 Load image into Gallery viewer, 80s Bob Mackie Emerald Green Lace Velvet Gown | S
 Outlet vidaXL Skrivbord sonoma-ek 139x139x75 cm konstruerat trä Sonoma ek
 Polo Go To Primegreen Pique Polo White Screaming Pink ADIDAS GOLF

_ _ _ _ _

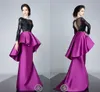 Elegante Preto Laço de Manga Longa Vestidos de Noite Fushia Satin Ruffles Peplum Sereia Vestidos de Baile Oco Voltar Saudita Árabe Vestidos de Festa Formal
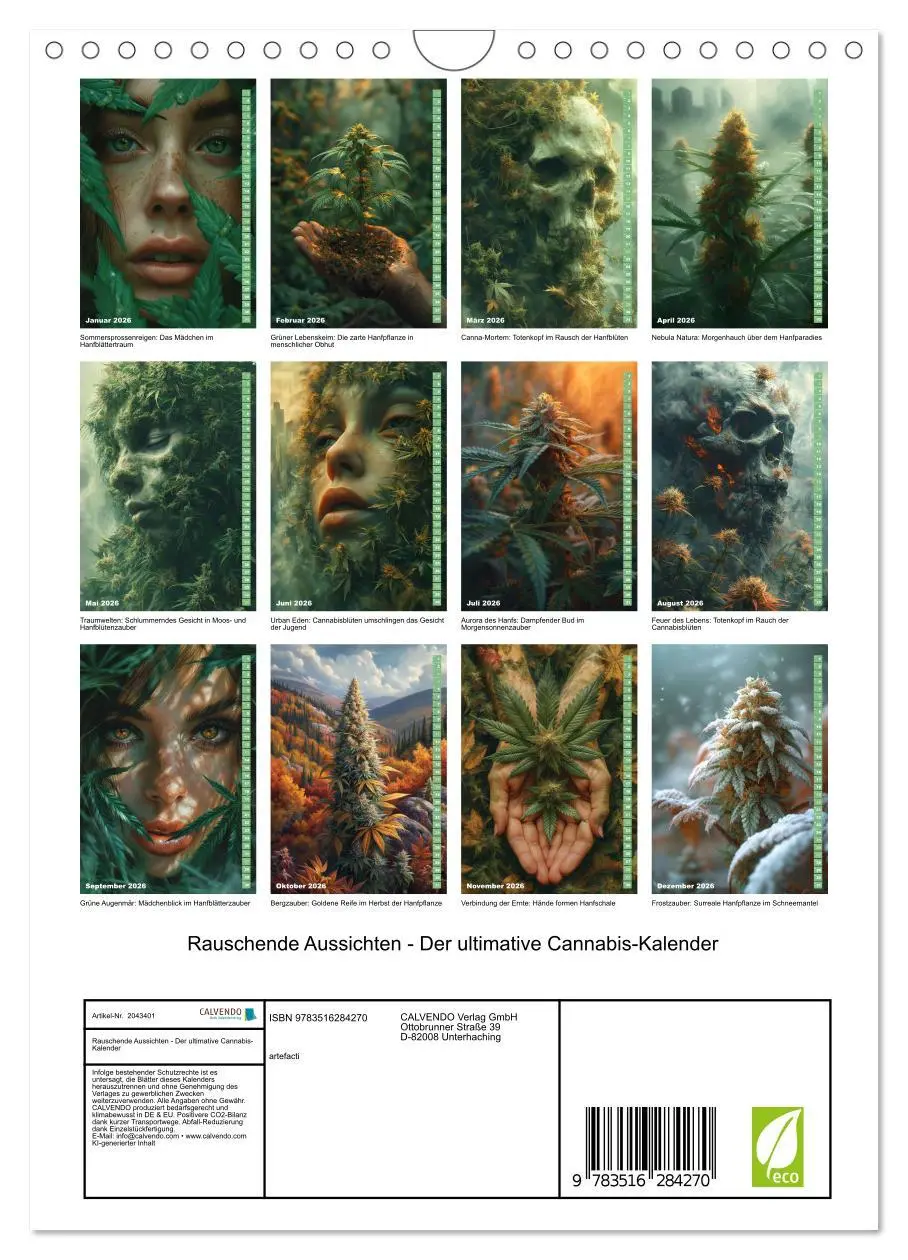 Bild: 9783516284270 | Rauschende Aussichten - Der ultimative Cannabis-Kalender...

_ _ _ _ _

> _To do_
Restate word for word the lines of the data above, starting at the line containing "Outlet vidaXL Skrivbord" and ending at the line containing "Polo Go To Primegreen", both included, and nothing more.

> _Answer to this exercise_
 Outlet vidaXL Skrivbord sonoma-ek 139x139x75 cm konstruerat trä Sonoma ek
 Polo Go To Primegreen Pique Polo White Screaming Pink ADIDAS GOLF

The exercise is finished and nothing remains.